### Download CoralNet (Notebook)

This notebook can be useful for experimenting with the functions in
`Download_CoralNet.py`. The script is designed to be run from the command line,
and will allow a user to download the images, annotations, labelset, and
model metadata from a list containing the IDs of sources they are interested
 in.

#### Import packages

In [1]:
from CoralNet_Download import *

#### Set up authentication

The first step is to authenticate with CoralNet. You need to provide your
username and password. If you don't have an account, you can create one at
https://coralnet.ucsd.edu/. If you don't want to provide your credentials
every time you run the script, you can store them in a separate file, or make
them user/environmental variables. If you don't want to store your credentials
in a file, you can also provide them as arguments when you run the script.

In [2]:
# Username
CORALNET_USERNAME = os.getenv("CORALNET_USERNAME")
USERNAME = input("Username: ") if not CORALNET_USERNAME else CORALNET_USERNAME

# Password
CORALNET_PASSWORD = os.getenv("CORALNET_PASSWORD")
PASSWORD = input("Password: ") if not CORALNET_PASSWORD else CORALNET_PASSWORD

try:
    # Authenticate
    authenticate(USERNAME, PASSWORD)
except Exception as e:
    print(e)

# Set the path to the root directory where you want to save the data for
# each source. The data will be saved in a subdirectory named after the source.
OUTPUT_DIR = "../CoralNet_Data/"

NOTE: Successfully logged in for jordan.pierce@noaa.gov


#### Download one or multiple sources' data

In this cell we'll download a source's data given the ID of the source.
The only requirements are that the source exists and that the user has
permission to access it. The source ID can be found in the URL of the source's
page on CoralNet. You also need to provide your username and password,
regardless of whether the source is public or private. If the source is
private and you do have access to it, you will be able to download the data.

In [None]:
# Next we download the data for each desired source.

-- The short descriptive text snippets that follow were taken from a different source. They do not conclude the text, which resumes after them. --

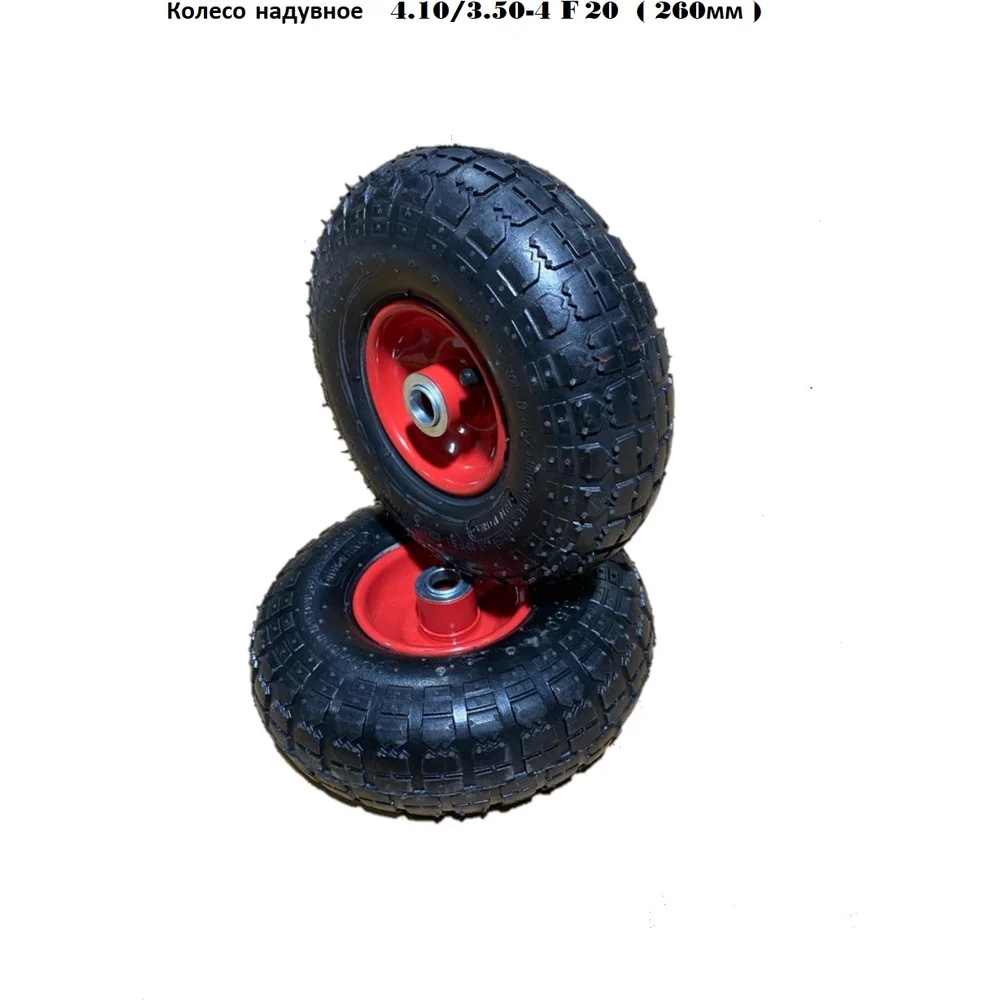 Колесо надувное 4.10/3.50-4 F20 260 мм GEVA TRADE 2PR8/3.50/4/20/90/BLACK/V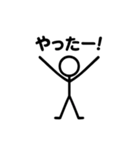 棒人間の日常スタンプ40種類（個別スタンプ：2）
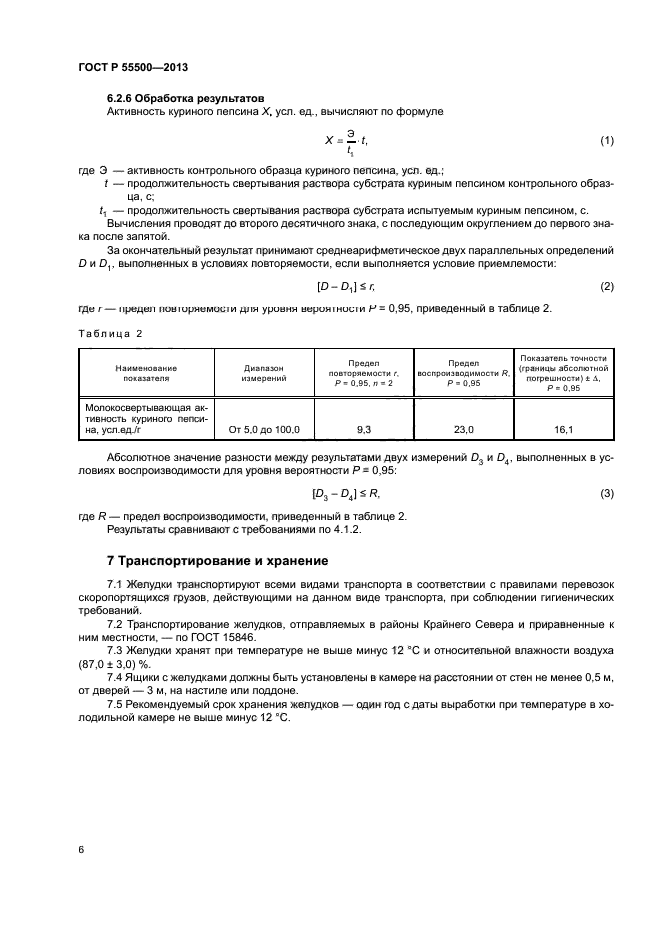 ГОСТ Р 55500-2013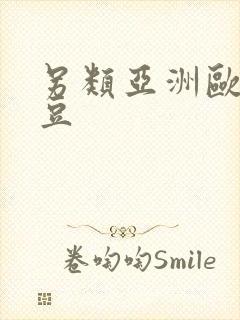 另类亚洲欧美麻豆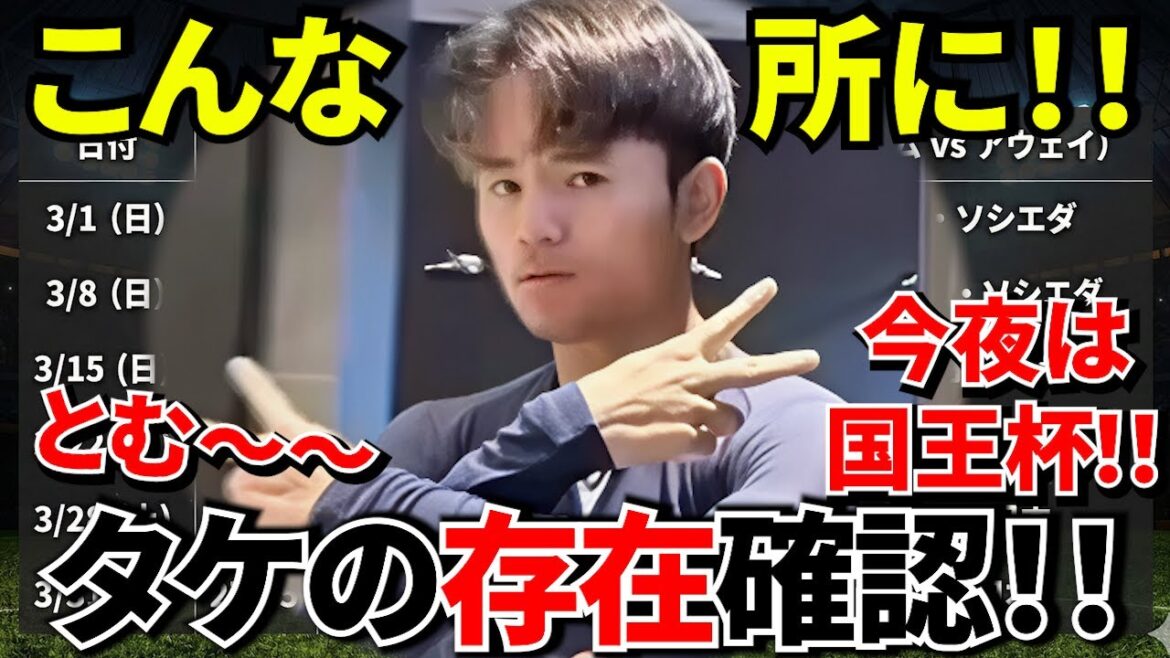 [Prenez Kubo !!]La phase de traitement au Japon est passée ! ! Maintenant, je dois retourner en Espagne et faire de la rééducation ! ! La route vers la Coupe du Monde commence maintenant ! ! (Ce soir, c'est les quarts de finale de la Copa del Rey !!)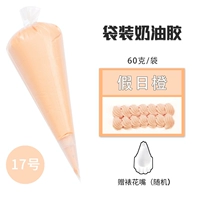 Кремовый, белый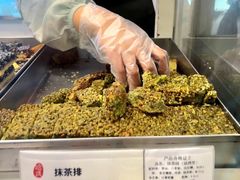 -上海哈尔滨食品厂(淮海中路店)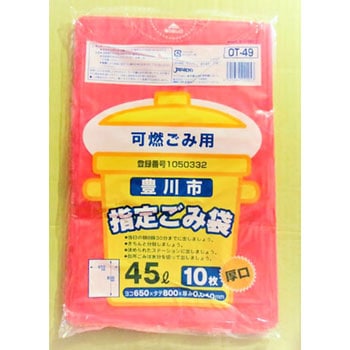 豊川市指定ゴミ袋 ジャパックス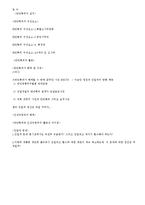 반민특위와 친일파문제-13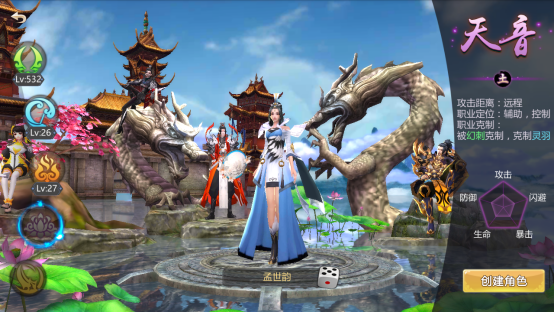 《楚汉争霸OL手游》职业介绍—天音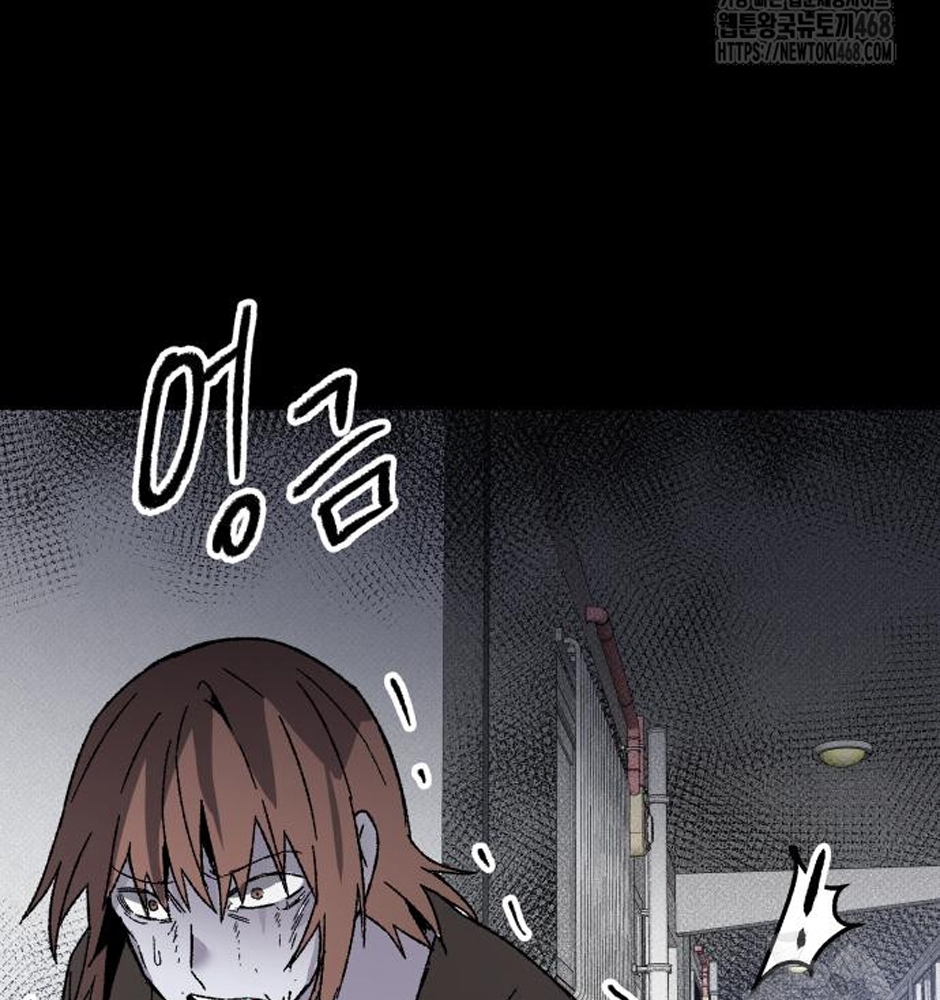 Dự Định Sát Nhân Chapter 13 - Trang 2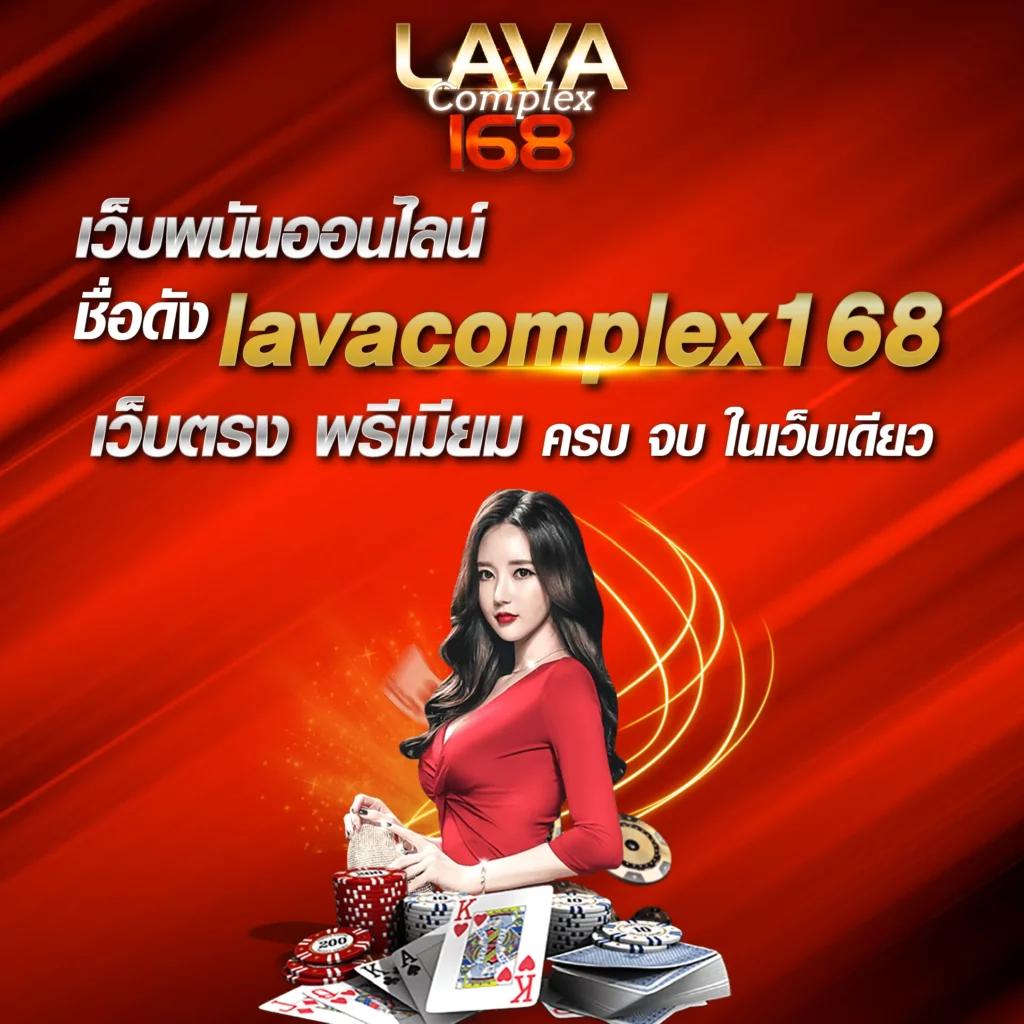 lucabet24hr เว็บคาสิโนออนไลน์สุดฮิต พร้อมโปรโมชั่นสุดคุ้มในไทย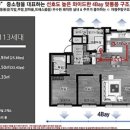 (주)웰피아 네이버블로그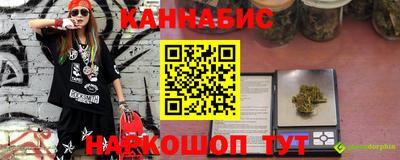 бутик Балашиха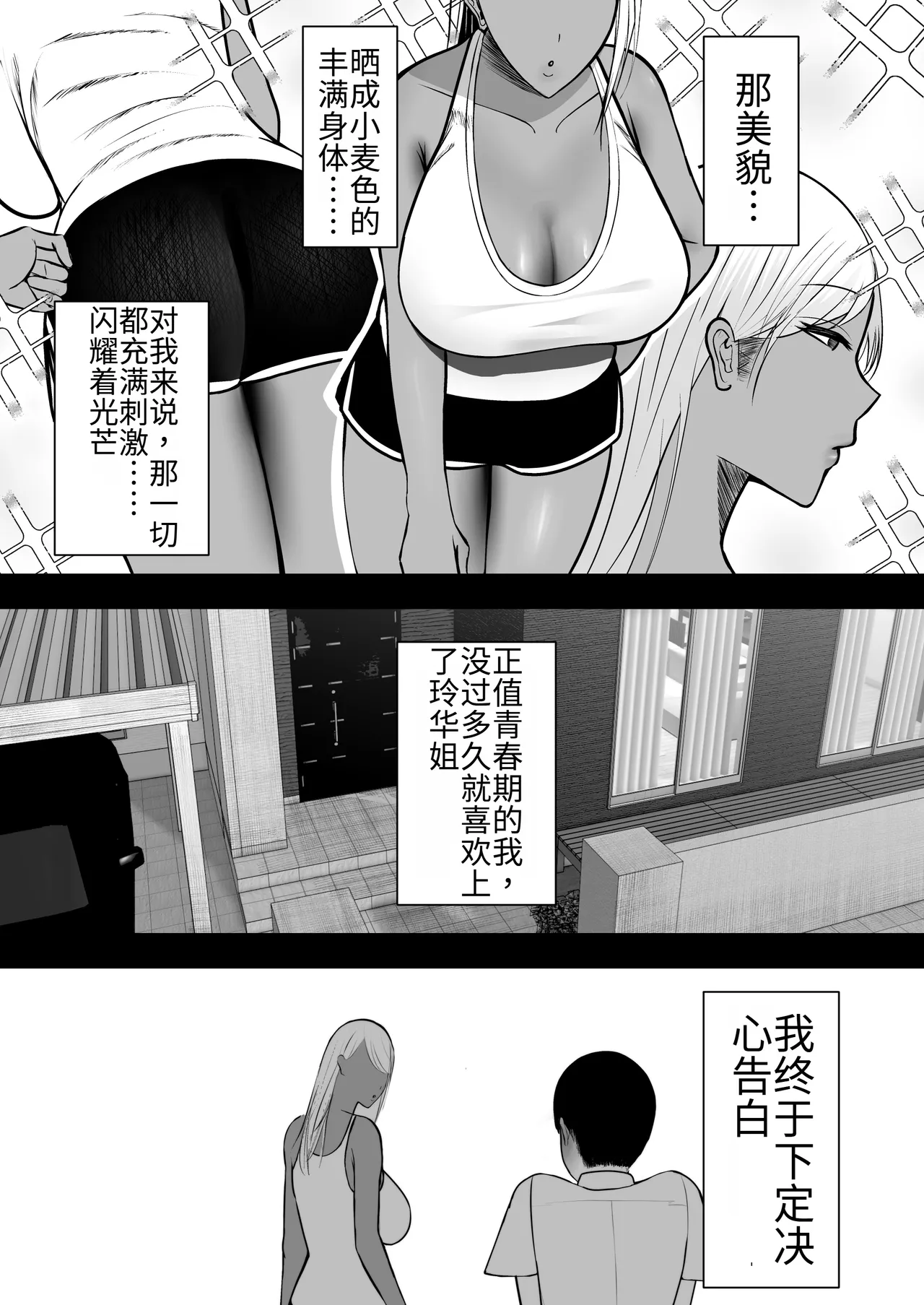 和朋友的辣妈做爱 page 4 full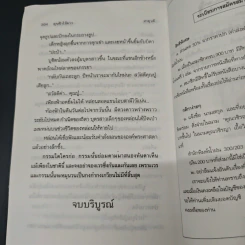 ดุจฟ้าไร้ดาว - เกตุวดี รูปที่ 8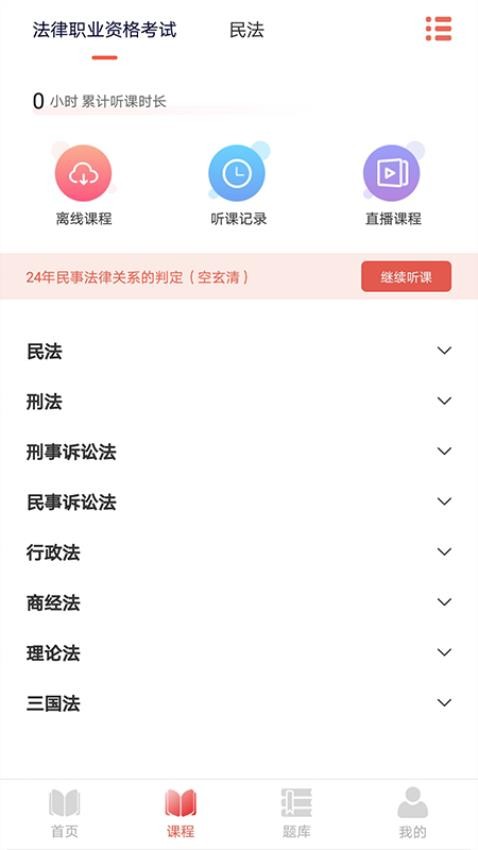 中律法考app手机版v1.2.3 5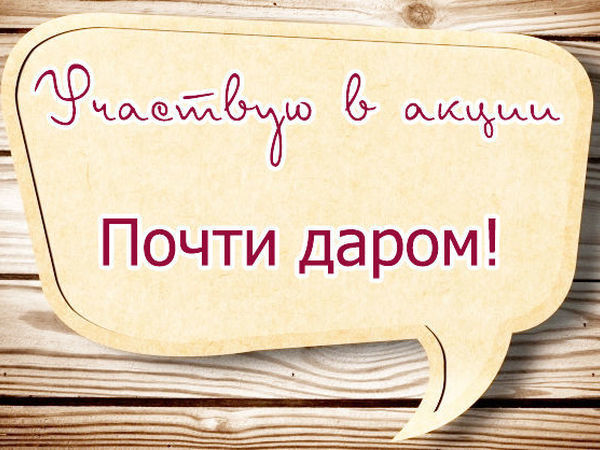 Почти даром! Скоро акция. | Ярмарка Мастеров - ручная работа, handmade
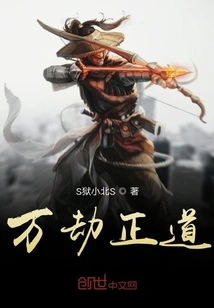 The Right Path of All Calamities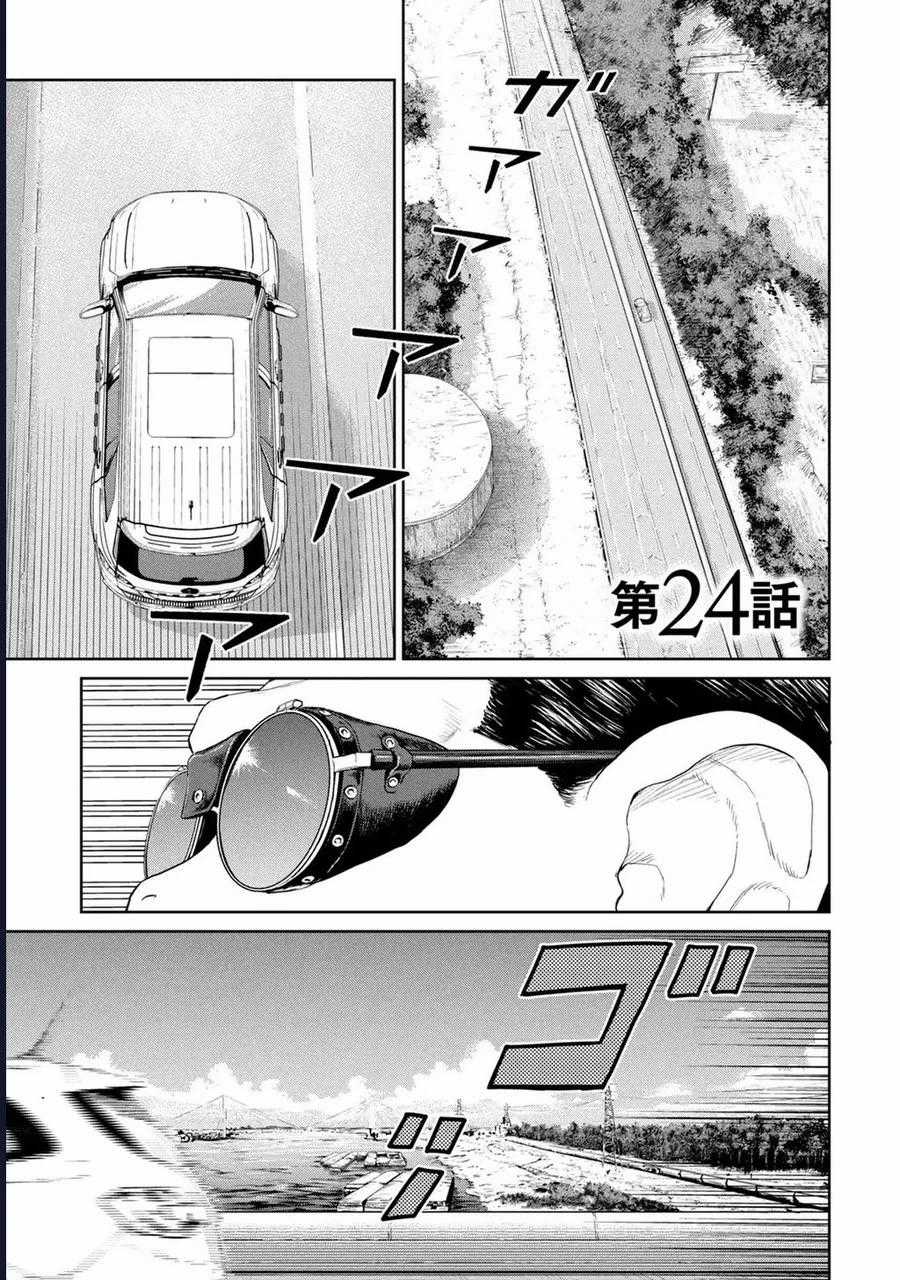 Darwin Jihen - Chapter 24 - Trang 2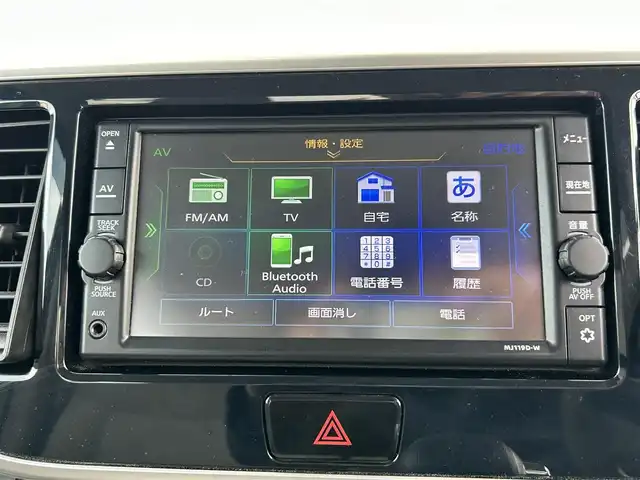 日産 デイズ ルークス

If you want to download
# data for multiple sources, you can put the source IDs in a list and iterate
# over them, or use multiprocessing/threading to download data simultaneously.

# Source IDs
SOURCE_IDs = [4033]

[download_data(id, USERNAME, PASSWORD, OUTPUT_DIR) for id in SOURCE_IDs];

Downloading Metadata...


#### Download a list of all public sources

If you want to know what sources are available on CoralNet, you can download a
dataframe containing all public source IDs and their name. The dataframe is
saved as a csv file in the output directory.

In [6]:
public_sources = download_coralnet_sources(USERNAME, PASSWORD, OUTPUT_DIR)
public_sources.sample(5)

Downloading CoralNet Source List...
Source ID list exported successfully.


Unnamed: 0,Source_ID,Source_Name
67,3383,BIO 403
601,1358,Tiles_Bermuda2019
436,2970,NFWF
45,3560,Andrej Fucak
518,3032,Rocky Shore Costa Rica


#### Download a list of all public labelsets

You can also download a dataframe containing all the public labelsets. The
dataframe will contain the name of the labelset, the link to the labelset's
page on CoralNet, the functional group, and the other attributes you find in
 the table on the labelset page. The dataframe is saved as a csv file in the
    output directory.

In [10]:
public_labelsets = download_coralnet_labelset(USERNAME, PASSWORD, OUTPUT_DIR)
public_labelsets.sample(5)

Downloading CoralNet Labeset List...
Labelset list exported successfully.


Unnamed: 0,Label ID,Name,URL,Functional Group,Popularity %,Short Code,Duplicate,Duplicate Notes,Verified,Has Calcification Rates
910,5949,Dictiosphaeria versluysii,https://coralnet.ucsd.edu/label/5949/,Hard coral,0,DVER,False,,False,False
5303,2994,Cnidaria: Colonial anemone: zoanthids,https://coralnet.ucsd.edu/label/2994/,Other,40,CC,False,,False,False
2234,2694,0mm Yellow Encrusting Sponge,https://coralnet.ucsd.edu/label/2694/,Other Invertebrates,43,0mmYEnSp,False,,False,False
3121,1648,Crown of Thorns Sea Star,https://coralnet.ucsd.edu/label/1648/,Other Invertebrates,74,COT,False,,True,False
3044,1857,Coral: Black/Octocorals: Massive soft corals,https://coralnet.ucsd.edu/label/1857/,Other Invertebrates,54,OM,True,Duplicate of Soft Coral (massive),False,False


#### Find public sources with desired labelsets

Given a list of desired labelsets, you can then identify which sources
contain them. With the source IDs, you can then download all
public sources that contain those labelsets.

In [7]:
# List of desired labelsets
desired_labelsets = ["Acropora"]
subset_labelset = public_labelsets[public_labelsets["Name"].isin(desired_labelsets)]

subset_labelset

Unnamed: 0,Name,URL,Functional_Group,Popularity %,Short_Code,Duplicate,Duplicate Notes,Verified,Has_Calcification_Rates
25,Acropora,https://coralnet.ucsd.edu/label/59/,Hard coral,85,Acropora,False,,True,True


In [8]:
desired_sources = get_sources_with(subset_labelset, USERNAME, PASSWORD, OUTPUT_DIR)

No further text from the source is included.